DATA EXTRACTS =

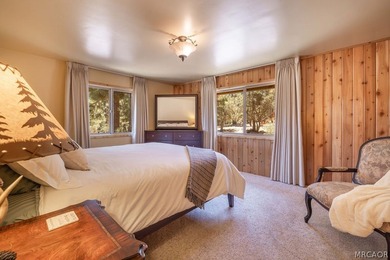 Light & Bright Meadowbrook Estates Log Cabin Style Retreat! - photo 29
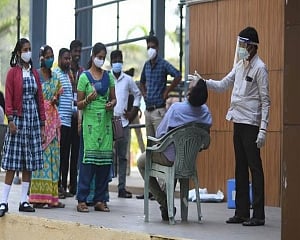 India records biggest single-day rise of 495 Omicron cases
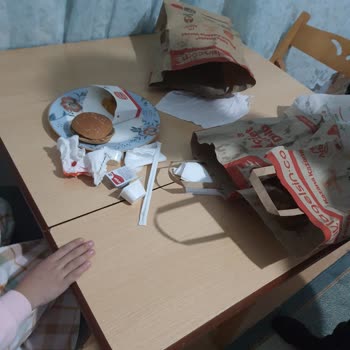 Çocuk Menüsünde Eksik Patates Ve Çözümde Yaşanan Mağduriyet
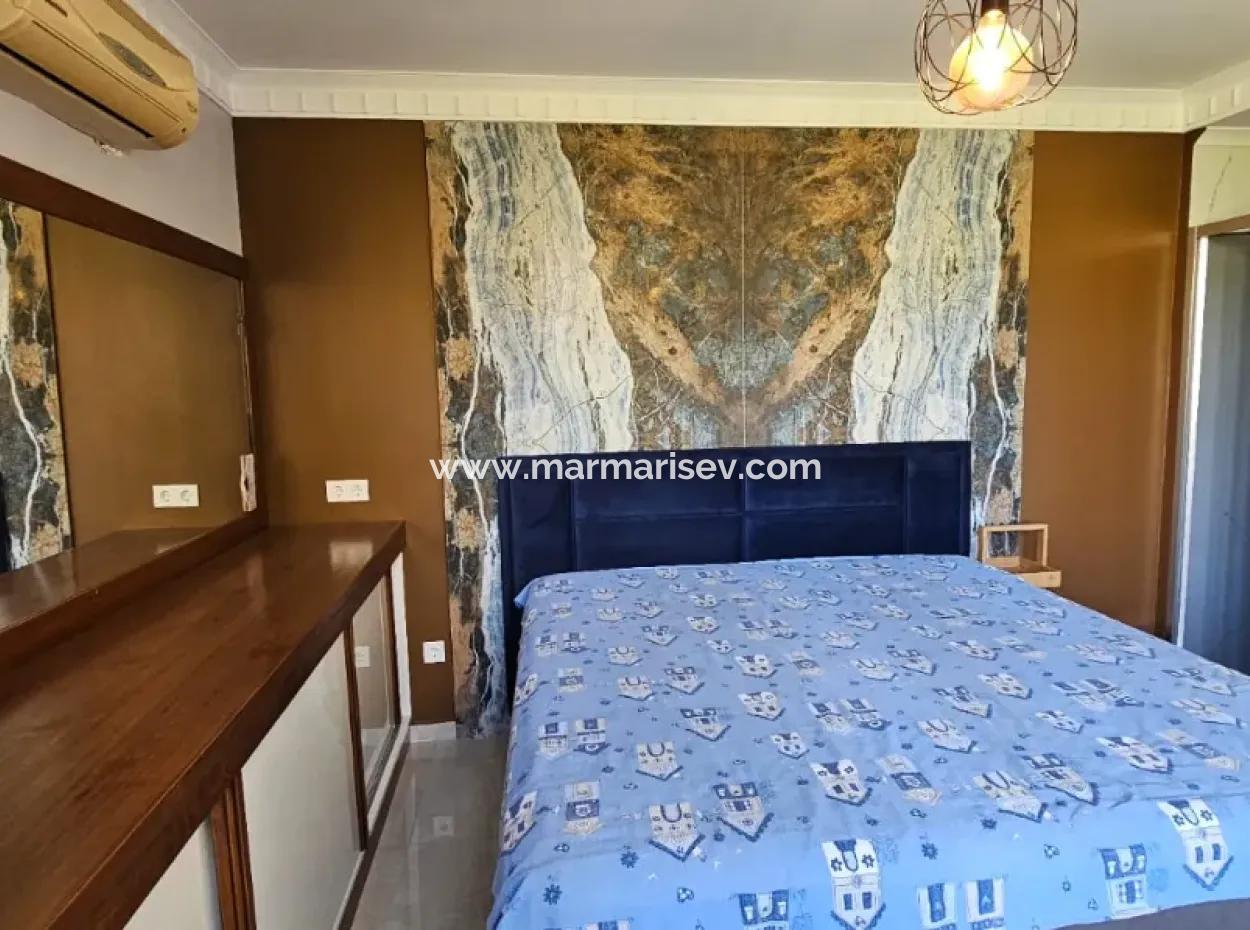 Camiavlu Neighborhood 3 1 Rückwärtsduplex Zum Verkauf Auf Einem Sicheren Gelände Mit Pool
==
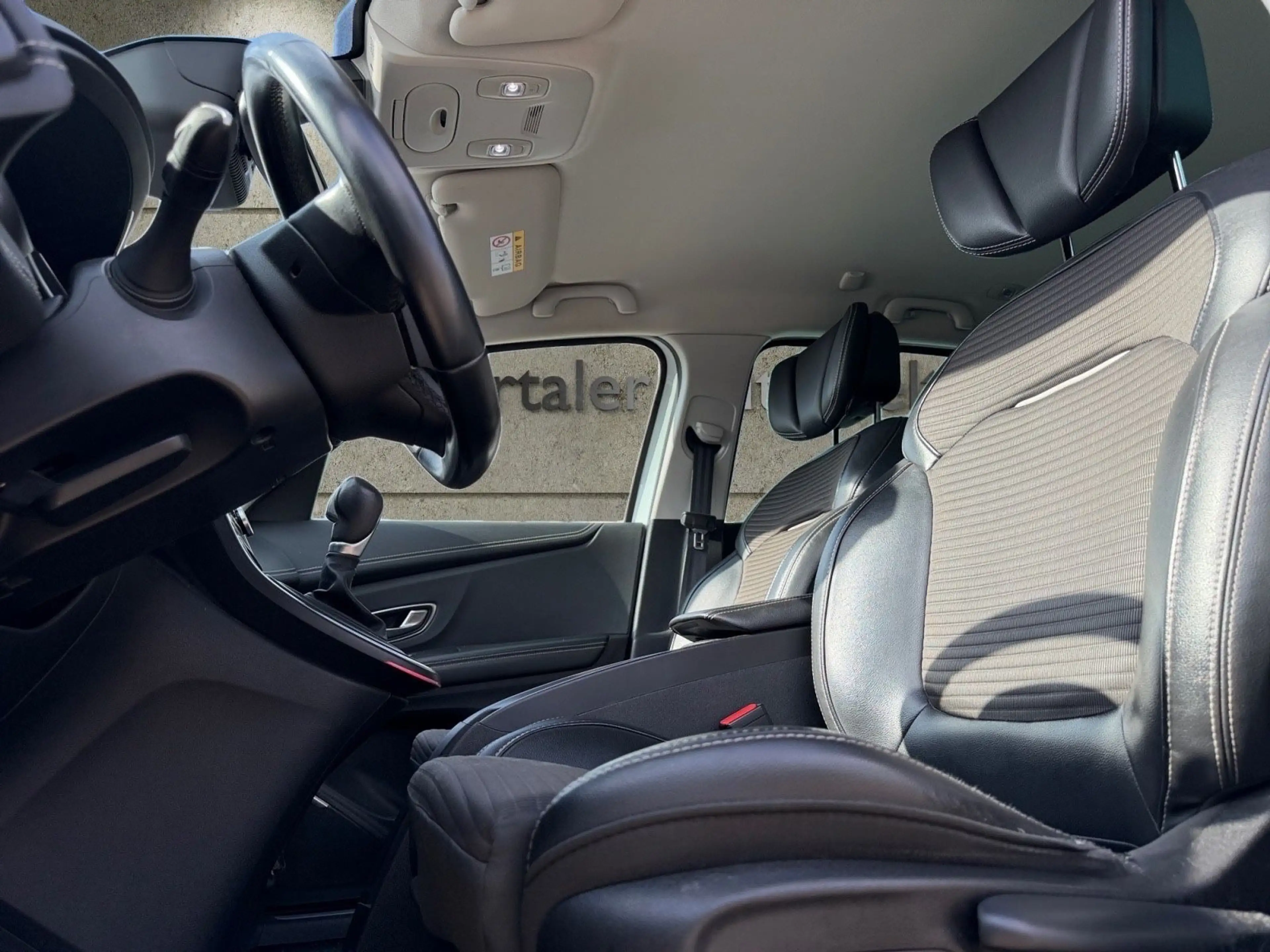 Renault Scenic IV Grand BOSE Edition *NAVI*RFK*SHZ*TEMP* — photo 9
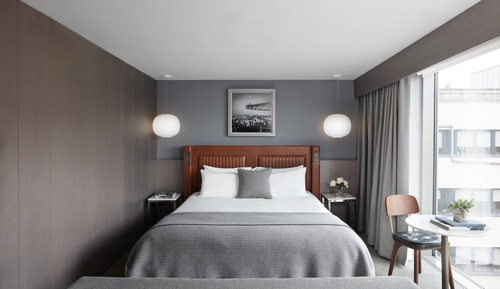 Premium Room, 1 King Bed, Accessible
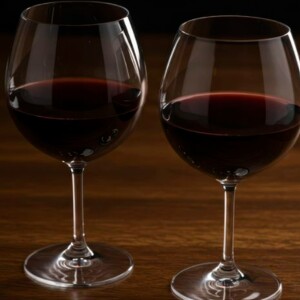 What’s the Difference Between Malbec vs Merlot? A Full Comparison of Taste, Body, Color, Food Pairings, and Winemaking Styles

TASK TO COMPLETE = Leave out every picture, and copy exactly the lines above starting at the one holding "Light & Bright" and ending at the one holding "Camiavlu Neighborhood 3", no more and no less.

ANSWER SECTION =
 Light & Bright Meadowbrook Estates Log Cabin Style Retreat! - photo 29
 India records biggest single-day rise of 495 Omicron cases
 Çocuk Menüsünde Eksik Patates Ve Çözümde Yaşanan Mağduriyet
 Camiavlu Neighborhood 3 1 Rückwärtsduplex Zum Verkauf Auf Einem Sicheren Gelände Mit Pool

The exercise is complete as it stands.